“Herhangi bir kokuyu hiç ölçtünüz mü? Bir kokunun diğerinden tam olarak iki kat kuvvetli koktuğunu söyleyebilir misiniz? Bir cins koku ile diğeri arasındaki farkı ölçebilir misiniz? Halbuki menekşeden güle, çok kötü kokan çadıruşağı otuna kadar pek çok koku var. Fakat bu kokuların benzerlikleri ve farklılıkları ölçülünceye kadar kokunun bir bilimi olmayacak. Eğer yeni bir bilim keşfetmek için çok istekli iseniz bir kokuyu ölçünüz.”
Burnumuzun kokuları nasıl ayırt edebildiği hala tam olarak anlaşılamamıştır.
Son 25 yıldır yapılan çalışmalarda kokunun ölçülmesi konusunda bazı ilerlemeler sağlanmasına rağmen Alexander Graham Bell’den bir yüzyıl sonra koku bilimi hâlâ emekleme safhasında. İnsanoğlunun, burnundaki 400 civarındaki koku reseptörüyle on binden fazla kokuyu nasıl ayırt edebildiği hâlâ tam olarak anlaşılamamıştır.
İnternetten koku gönderme, nefesten hastalık tespiti mümkün mü?
Canlılarda kokunun yüksek hassasiyette nasıl tespit edildiği, yorumlandığı ve hafızada tutulduğu üzerine yapılan bilimsel çalışmalardaki bulgular, insanoğluna yeni kapılar aralayacaktır. Belki bir gün sevdiğinize internet aracılığıyla gül kokusu gönderebilecek, etrafınızdaki zehirli kimyasal maddeleri yüksek hassasiyetle tespit edebilecek, dolabınızdaki meyve ve sebzelerin bozulup bozulmadığını anlayabilecek, nefesinizden hastalık tespiti yapabileceksiniz.

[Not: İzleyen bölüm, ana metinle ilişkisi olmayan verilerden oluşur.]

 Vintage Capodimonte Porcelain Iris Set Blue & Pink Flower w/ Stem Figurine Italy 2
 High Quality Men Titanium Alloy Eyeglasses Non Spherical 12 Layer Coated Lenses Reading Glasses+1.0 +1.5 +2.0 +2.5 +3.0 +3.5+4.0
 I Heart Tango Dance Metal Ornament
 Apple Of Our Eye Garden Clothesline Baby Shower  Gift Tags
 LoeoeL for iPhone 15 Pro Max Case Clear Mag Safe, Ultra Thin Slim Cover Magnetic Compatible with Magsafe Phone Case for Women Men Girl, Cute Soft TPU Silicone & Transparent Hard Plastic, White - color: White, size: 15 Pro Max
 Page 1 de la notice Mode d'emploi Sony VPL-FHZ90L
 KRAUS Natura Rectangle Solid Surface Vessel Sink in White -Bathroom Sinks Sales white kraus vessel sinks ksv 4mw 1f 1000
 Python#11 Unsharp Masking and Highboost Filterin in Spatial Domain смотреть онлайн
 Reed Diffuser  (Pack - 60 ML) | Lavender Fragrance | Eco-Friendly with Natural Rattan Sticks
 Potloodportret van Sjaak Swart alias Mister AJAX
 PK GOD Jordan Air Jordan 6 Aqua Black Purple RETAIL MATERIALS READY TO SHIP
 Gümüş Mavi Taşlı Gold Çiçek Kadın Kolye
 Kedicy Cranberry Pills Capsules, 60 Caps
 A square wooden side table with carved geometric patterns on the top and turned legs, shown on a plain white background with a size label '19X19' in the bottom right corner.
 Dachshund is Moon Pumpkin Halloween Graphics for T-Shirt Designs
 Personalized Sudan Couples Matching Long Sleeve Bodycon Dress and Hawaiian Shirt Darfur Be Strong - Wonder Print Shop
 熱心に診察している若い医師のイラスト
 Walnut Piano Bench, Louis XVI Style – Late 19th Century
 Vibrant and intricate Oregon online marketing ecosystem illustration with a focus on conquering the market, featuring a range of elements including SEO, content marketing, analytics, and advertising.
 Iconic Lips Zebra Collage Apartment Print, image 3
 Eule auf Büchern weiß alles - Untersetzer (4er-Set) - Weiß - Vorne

Koku alma duyusunu hayvanlar her alanda kullanıyor
Koku alma duyusu hayvanlar aleminde beslenme, eş bulma, arazi tanıma ve yön belirleme gibi temel biyolojik işlevleri yerine getirmesinin yanı sıra sosyal gruplar halinde yaşayan hayvanlar, örneğin arılar ve karıncalar arasında bir çeşit “konuşma” diyebileceğimiz, daha karmaşık ve üst seviyede etkileşmeler için de kullanılmaktadır. Yaşamsal açıdan en az görme ve işitme kadar önemli olan koku alma duyusu, canlıların sahip olduğu duyular arasında en karmaşık ve anlaşılması en güç olanıdır. Koku algılama ve hafızada tutma mekanizmalarının nasıl işlediği günümüze kadar tam olarak anlaşılamamıştır. Bir şeyi anlamanın en etkili yolu onu inşa etmek olduğuna göre, canlılardaki koku alma duyusunu taklit etmeye çalışan yapay burun çalışmaları bize bu konuda ışık tutacaktır. Bu yazıda canlılarda kokunun nasıl algılandığını, çok farklı yapay sistemlerle nasıl taklit edilmeye çalışıldığını ve yapay burun çalışmaları ile neler hedeflendiğini okuyacaksınız.
Koku algılama mekanizması
Memelilerde koku alma sisteminin ilk elemanı burun boşluğunun iç kısımlarında yer alan ve koku alma epiteli olarak bilinen küçük bölgedir. Bu bölge incelendiğinde iki çeşit hücre ile karşılaşılır. Bunlardan ilki en uçta bulunan ve dış dünya ile bağlantıyı sağlayan sinir hücreleridir. Sayıları milyonları bulan bu hücreler, koku alma sisteminde beyine iletilecek olan sinyali üretir. Elektrokimyasal sinyal, bu nöronların ucunda bulunan silia isimli, saça benzeyen yapıdaki sensörler ile koku moleküllerinin etkileşmesiyle oluşur. Nöronların arkasında bu hücrelerde üretilen sinyali beyine taşımakla görevli akson hücreleri bulunur. İnce iplik şeklindeki akson hücreleri beyinde limbik sisteme kadar uzanır.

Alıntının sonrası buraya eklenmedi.